There are a million stories in "America's Finest City." This is one of them.
"I always wanted to be a police officer," says Tom Di Zinno, president and CEO of the Di Zinno Thompson Solutions advertising agency and a sergeant in the San Diego Police Department Reserve Unit. These officers, however, are not glorified crossing guards. They are true blue.
Di Zinno's assignments have included stints with the vice squad and as a financial sleuth. He's worked from a typical squad car, though he is currently found keeping the peace on bike patrol. Di Zinno's shifts have placed him serving undercover on prostitute-john detail (where he once busted an ex-client without being recognized), handling domestic disputes, and storming through crack houses, where he once almost lost an eye in a raid. The reserve officers follow the same training steps as the rest of the force: physical and psychological tests, deep background checks, nearly a year at the academy on nights and weekends, plus 600 hours of street training. When it's over, volunteers are police officers in every way -- except a paycheck.
While most police officers jump into law enforcement at a young age, the 55-year-old Di Zinno, who was sworn into the force in 1991, followed a more unorthodox path. "My father was the son of immigrants in an Italian neighborhood in Cleveland," he says. "He was picked on by Irish cops, so he didn't have much respect for the profession." The junior Di Zinno gave police work serious consideration after college, but decided that, given his father's prejudice, blood was thicker than the thin blue line; he opted for the ad racket.
After 15 years of working for others in San Diego, Di Zinno and partner Barbie Thompson started their own agency. They began as a "direct response"shop in consumer-loyalty arenas such as the Pacific Southwest Airlines frequent-flier-program club. These days Di Zinno Thompson is a more diversified marketing company, offering public relations, direct mail, media planning, and Internet services. The shop's clients include the San Diego Convention and Visitors Bureau, sports collectible mainstay Upper Deck, and Nokia.
Keeping the streets of San Diego safe for 60 hours a month sounds like a considerable burden on top of running a $1.8 million business, but that's not how Di Zinno sees it.

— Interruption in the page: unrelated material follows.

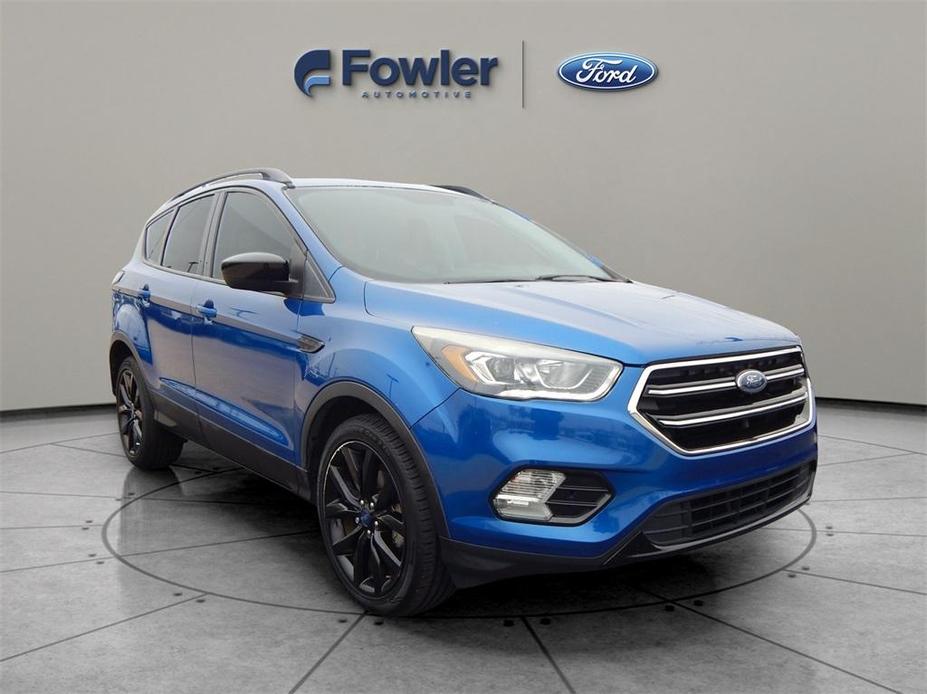 used 2017 Ford Escape car, priced at $7,999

"It's a wonderful balance to the work I do ... It's like two days off -- a great mental sorbet." Cleansing the palate, so to speak, by packing a 9-mm handgun and chasing perps inevitably raises the question posed to Di Zinno by countless full-time officers and civilians alike: "Why would you put your life on the line for nothing?"
To Di Zinno, it's a nonquestion. The reserve experience infuses his agency work with a reality often missing in that white-collar world. "I lose patience with those who base their opinion on opinion and not real-world action," he says. "I miss the clarity of the streets in the boardroom."